IV. Les idées reçues : finissons-en
1. L’agresseur n’est pas connu de la victime, et il agit dans une ruelle sombre
Les recherches basées sur des données attitudinales montre que dans l’imaginaire collectif, le violeur est «autre», il est psychologiquement instable, il porte les stigmates d’un « pervers », il commet son crime à l’extérieur. Cette idée est démentie par les chiffres.
En France, le violeur est connu de la victime dans 8 cas sur 10.
Les viols se produisent le plus souvent au domicile de la victime, à son travail (65 %), dans son école ou dans une institution et 50 % se produisent de jour (Zucker, 2005, CFCV, 2003).
2. Il ne peut pas y avoir de viol au sein d’un couple
Comme nous l’avons dit plus haut, 8 victimes sur 10 connaissent leur agresseur. Parmis les 80% qui connaissent l’agresseur, 31% ont été victime d’un viol conjugal et étaient en concubinage avec l’agresseur au moment des faits. (Haut Conseil à l’Egalité entre les Femmes et Hommes, 2014) Ce n’est donc pas parce-que vous êtes en couple avec quelqu’un que cela ne peut pas se produire. Le concept du devoir conjugal est également ancré dans un grand nombre de couples : avoir un rapport avec son partenaire n’est pas un devoir.
3. Certaines attitudes ou tenues vestimentaires provoquent les agresseurs
Quatre Français sur dix estiment que la responsabilité du violeur est atténuée si la victime a une attitude provocante en public.
4. L’homme est, par nature, un prédateur sexuel : FAUX
Pour 61% des Français, 65% des Françaises, un homme a plus de mal “à maîtriser son désir sexuel qu’une femme” . (enquête IPSOS, 2015)

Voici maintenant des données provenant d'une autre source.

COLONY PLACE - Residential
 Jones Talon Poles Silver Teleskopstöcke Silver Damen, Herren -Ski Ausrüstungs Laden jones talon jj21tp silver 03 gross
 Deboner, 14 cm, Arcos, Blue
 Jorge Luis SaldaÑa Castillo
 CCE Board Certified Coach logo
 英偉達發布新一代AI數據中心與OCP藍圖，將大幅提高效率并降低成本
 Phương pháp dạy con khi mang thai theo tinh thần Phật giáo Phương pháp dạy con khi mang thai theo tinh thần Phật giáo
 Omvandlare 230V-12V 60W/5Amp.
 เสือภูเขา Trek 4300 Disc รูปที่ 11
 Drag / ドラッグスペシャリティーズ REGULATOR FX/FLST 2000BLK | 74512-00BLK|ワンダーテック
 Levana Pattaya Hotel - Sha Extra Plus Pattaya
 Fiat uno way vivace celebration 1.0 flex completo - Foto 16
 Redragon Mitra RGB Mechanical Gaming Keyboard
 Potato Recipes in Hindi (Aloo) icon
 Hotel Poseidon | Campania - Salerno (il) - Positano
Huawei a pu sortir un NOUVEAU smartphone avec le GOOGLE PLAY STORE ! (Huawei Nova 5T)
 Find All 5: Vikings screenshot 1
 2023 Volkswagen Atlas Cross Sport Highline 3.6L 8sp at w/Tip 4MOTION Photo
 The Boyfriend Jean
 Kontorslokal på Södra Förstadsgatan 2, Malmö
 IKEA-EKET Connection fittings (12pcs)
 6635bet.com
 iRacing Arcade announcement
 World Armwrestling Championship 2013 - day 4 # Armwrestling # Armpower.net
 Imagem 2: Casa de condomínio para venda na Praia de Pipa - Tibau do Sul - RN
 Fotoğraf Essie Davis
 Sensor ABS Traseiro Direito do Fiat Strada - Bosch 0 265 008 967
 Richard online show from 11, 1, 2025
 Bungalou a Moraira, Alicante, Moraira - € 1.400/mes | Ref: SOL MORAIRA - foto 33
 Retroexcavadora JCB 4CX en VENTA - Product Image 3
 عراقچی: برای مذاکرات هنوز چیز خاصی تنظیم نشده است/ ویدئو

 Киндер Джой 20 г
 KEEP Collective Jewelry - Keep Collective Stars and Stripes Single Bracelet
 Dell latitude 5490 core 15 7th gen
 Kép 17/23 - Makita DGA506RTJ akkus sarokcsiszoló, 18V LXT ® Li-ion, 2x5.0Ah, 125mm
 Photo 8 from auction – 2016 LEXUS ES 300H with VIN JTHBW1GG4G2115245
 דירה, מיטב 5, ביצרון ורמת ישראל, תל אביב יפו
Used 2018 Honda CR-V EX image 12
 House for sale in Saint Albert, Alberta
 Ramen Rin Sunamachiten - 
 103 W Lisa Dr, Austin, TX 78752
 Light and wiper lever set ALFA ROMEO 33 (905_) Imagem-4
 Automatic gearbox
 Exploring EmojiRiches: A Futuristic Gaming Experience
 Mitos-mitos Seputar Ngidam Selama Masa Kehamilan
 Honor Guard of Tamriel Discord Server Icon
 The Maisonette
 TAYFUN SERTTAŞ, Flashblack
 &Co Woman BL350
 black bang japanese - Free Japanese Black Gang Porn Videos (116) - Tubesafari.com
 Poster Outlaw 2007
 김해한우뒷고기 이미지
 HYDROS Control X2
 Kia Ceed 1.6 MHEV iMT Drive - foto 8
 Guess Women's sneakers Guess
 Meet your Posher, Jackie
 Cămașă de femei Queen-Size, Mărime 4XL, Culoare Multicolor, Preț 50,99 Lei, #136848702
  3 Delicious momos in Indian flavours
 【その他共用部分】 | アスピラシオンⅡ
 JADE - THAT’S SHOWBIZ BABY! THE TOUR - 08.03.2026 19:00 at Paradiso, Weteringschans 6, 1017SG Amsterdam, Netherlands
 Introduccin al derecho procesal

Cette croyance est totalement fausse puisque l’être humain, qu’il soit homme ou femme, est un être doté d’une civilisation et d’un minimum d’éducation qu’il a acquise au sein de la société, de la famille et auprès d’autres individus rencontrés au cours de leur vie. Il n’est donc pas, contrairement à cette affirmation, un prédateur naturel.
5. Une agression sexuelle nécessite une pénétration
24 % des Français considèrent qu’une fellation forcée relève de l’agression sexuelle et non du viol. Une agression sexuelle est un geste à caractère sexuel, avec ou sans contact physique, commis par un individu sans le consentement de la personne visée ou, dans certains cas, notamment dans celui des enfants, par une manipulation affective ou par chantage.
6. Céder, même sous la contrainte, c’est consentir
Tout comme la notion de consentement, celle de la contrainte semble être bien erronée dans l’esprit d’1 Français sur 5, pour qui le viol n’est pas avéré dès lors que la victime finit par céder lorsqu’on la force.
Par ailleurs, 26 % des Français jugent que lorsqu’une victime ne résiste pas aux menaces de son assaillant, ce n’est pas un viol mais une agression sexuelle.
7. Les femmes peuvent prendre du plaisir à être forcées
21 % des français s’imaginent que les femmes peuvent prendre du plaisir à être forcées – 31 % chez les 18-24 ans (Enquête IPSOS, 2015). Cela peut, certes, être un fantasme. Mais il existe une frontière entre le fantasme de certaines femmes et la réalité. Une femme qui n'est pas consentante ne peut pas prendre de plaisir.
8. Seules les femmes sont victimes d’agressions sexuelles
Selon une enquête publiée en 2016 par l'Institut national d'études démographiques (INED) et intitulée "Violences et rapports de genre" (Virage) environ 600 000 femmes pour 200 000 hommes seraient victimes de violences sexuelles chaque année. Il est difficile de renseigner des chiffres significatifs, puisqu’un grand nombre d’hommes ne prennent pas la parole de peur d’être jugé, blâmé, méprisé.